Problem description:
Could you reproduce every entry as it stands, leaving the pictures behind?

+++

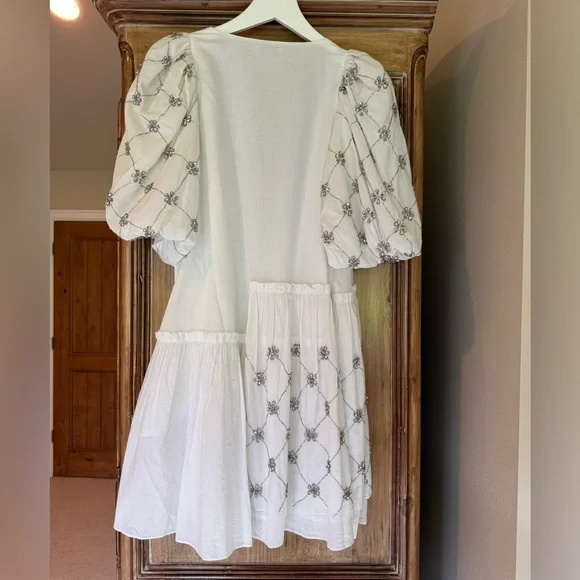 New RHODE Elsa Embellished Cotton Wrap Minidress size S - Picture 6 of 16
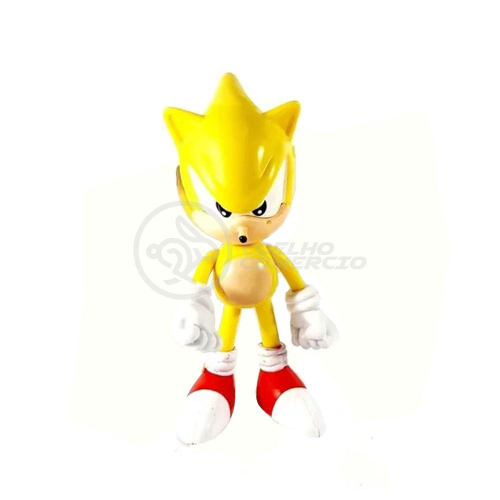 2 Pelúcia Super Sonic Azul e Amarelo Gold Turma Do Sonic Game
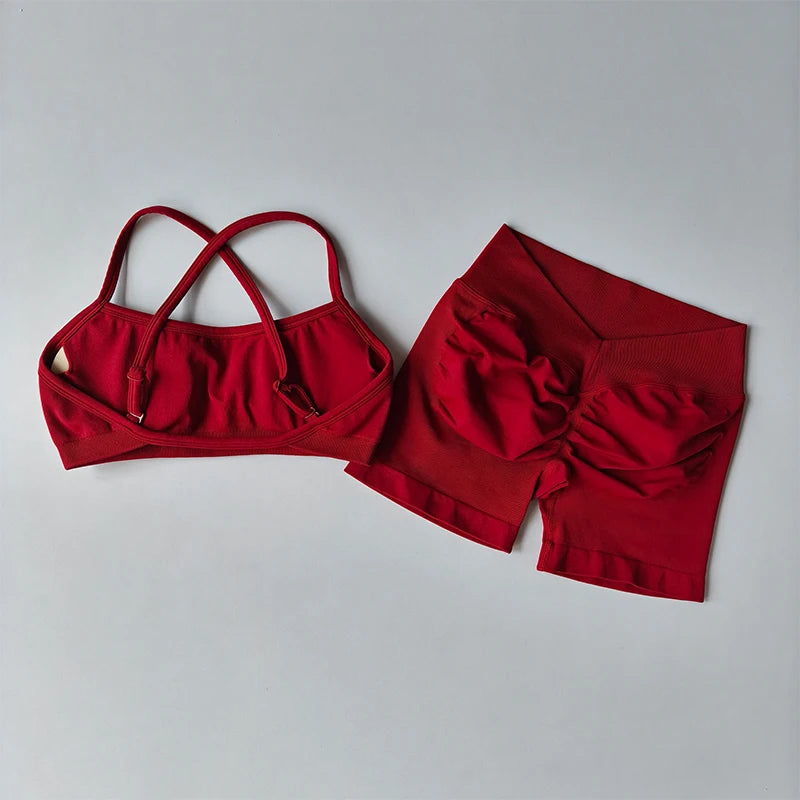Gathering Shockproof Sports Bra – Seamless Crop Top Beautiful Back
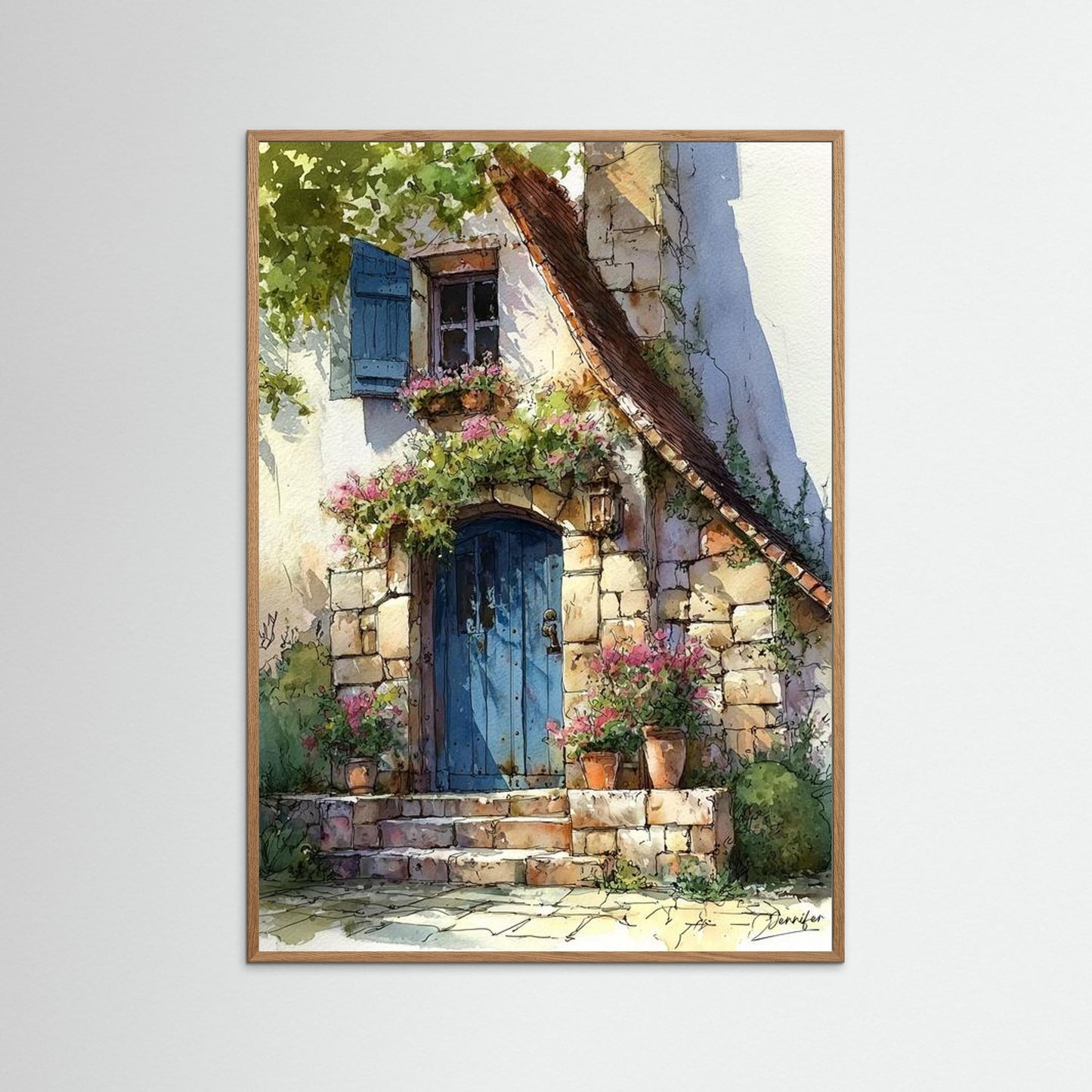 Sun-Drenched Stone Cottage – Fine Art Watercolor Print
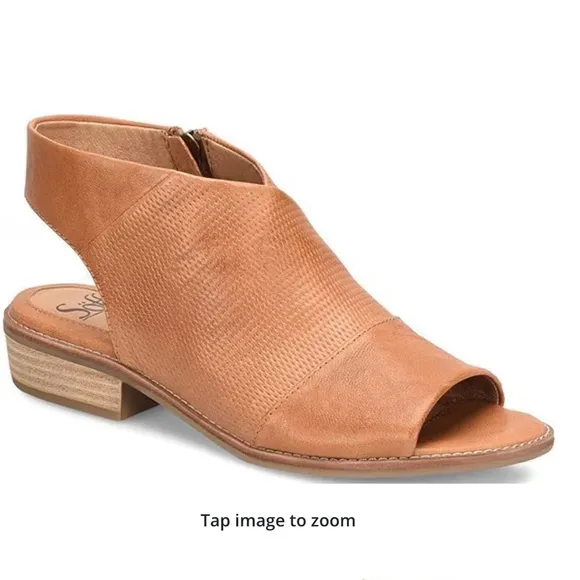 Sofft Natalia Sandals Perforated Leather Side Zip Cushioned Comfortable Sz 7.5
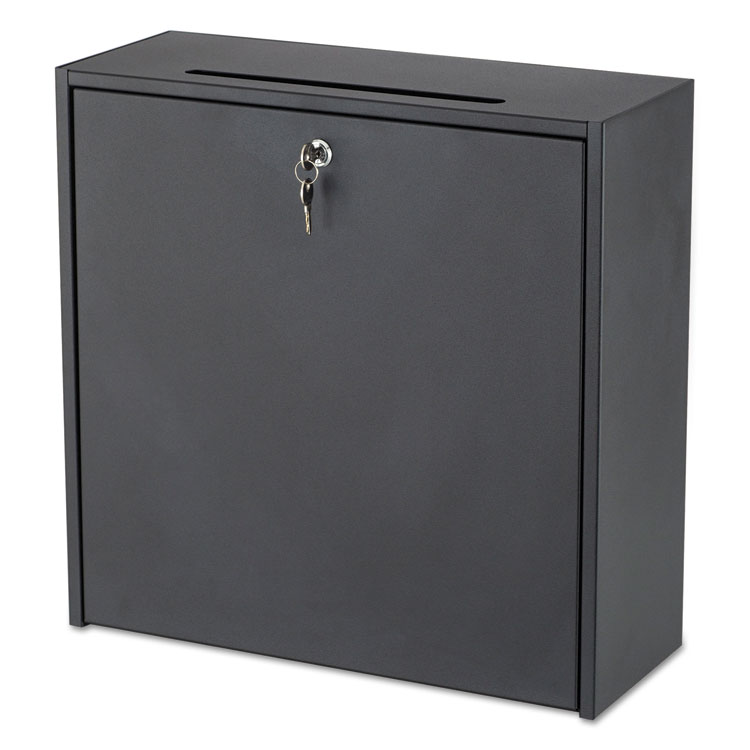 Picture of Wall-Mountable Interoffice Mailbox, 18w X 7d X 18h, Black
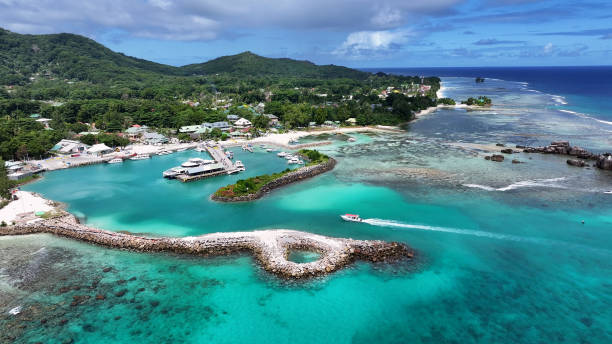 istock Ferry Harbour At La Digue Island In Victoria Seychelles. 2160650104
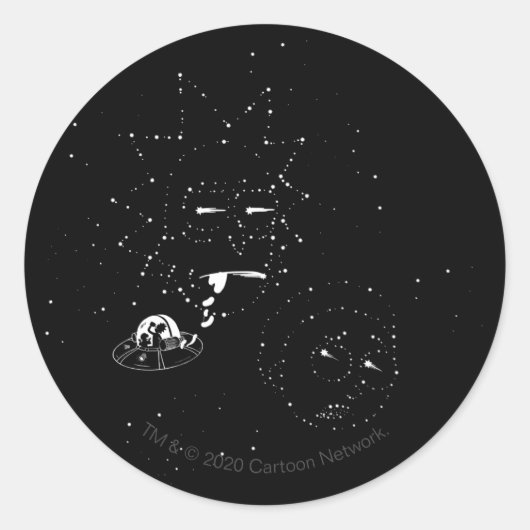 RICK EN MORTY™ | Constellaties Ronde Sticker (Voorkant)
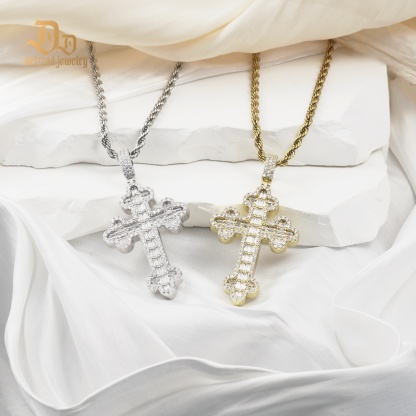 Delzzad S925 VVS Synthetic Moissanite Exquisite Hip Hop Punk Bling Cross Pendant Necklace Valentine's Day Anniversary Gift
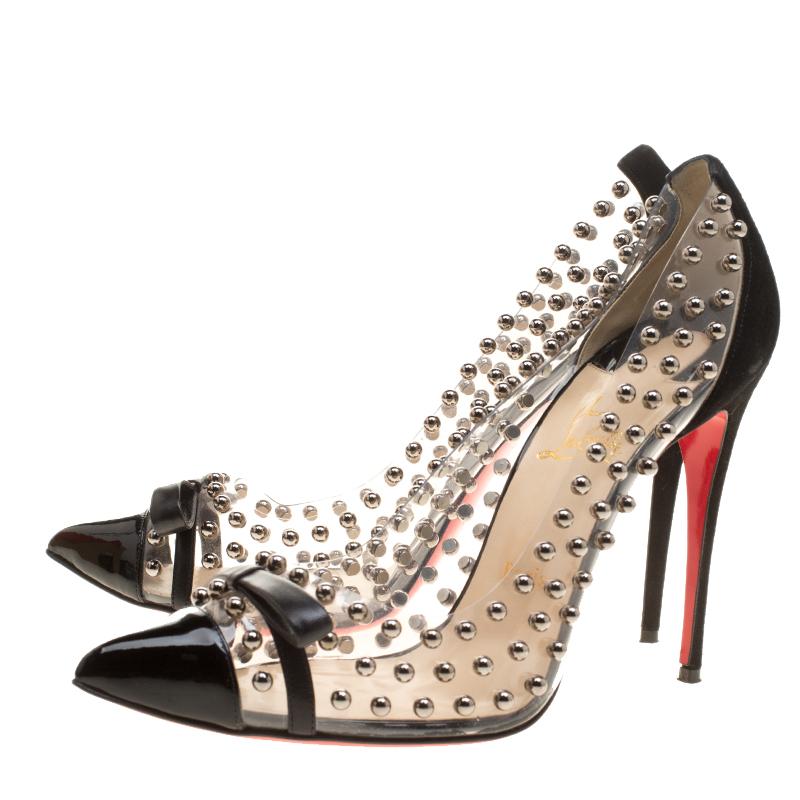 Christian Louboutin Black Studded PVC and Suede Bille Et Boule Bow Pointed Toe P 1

+++

Your response:
 New RHODE Elsa Embellished Cotton Wrap Minidress size S - Picture 6 of 16
 2 Pelúcia Super Sonic Azul e Amarelo Gold Turma Do Sonic Game
Gathering Shockproof Sports Bra – Seamless Crop Top Beautiful Back
 Sun-Drenched Stone Cottage – Fine Art Watercolor Print
 Sofft Natalia Sandals Perforated Leather Side Zip Cushioned Comfortable Sz 7.5
 Picture of Wall-Mountable Interoffice Mailbox, 18w X 7d X 18h, Black
 istock Ferry Harbour At La Digue Island In Victoria Seychelles. 2160650104
 RICK EN MORTY™ | Constellaties Ronde Sticker (Voorkant)
 Delzzad S925 VVS Synthetic Moissanite Exquisite Hip Hop Punk Bling Cross Pendant Necklace Valentine's Day Anniversary Gift
 Christian Louboutin Black Studded PVC and Suede Bille Et Boule Bow Pointed Toe P 1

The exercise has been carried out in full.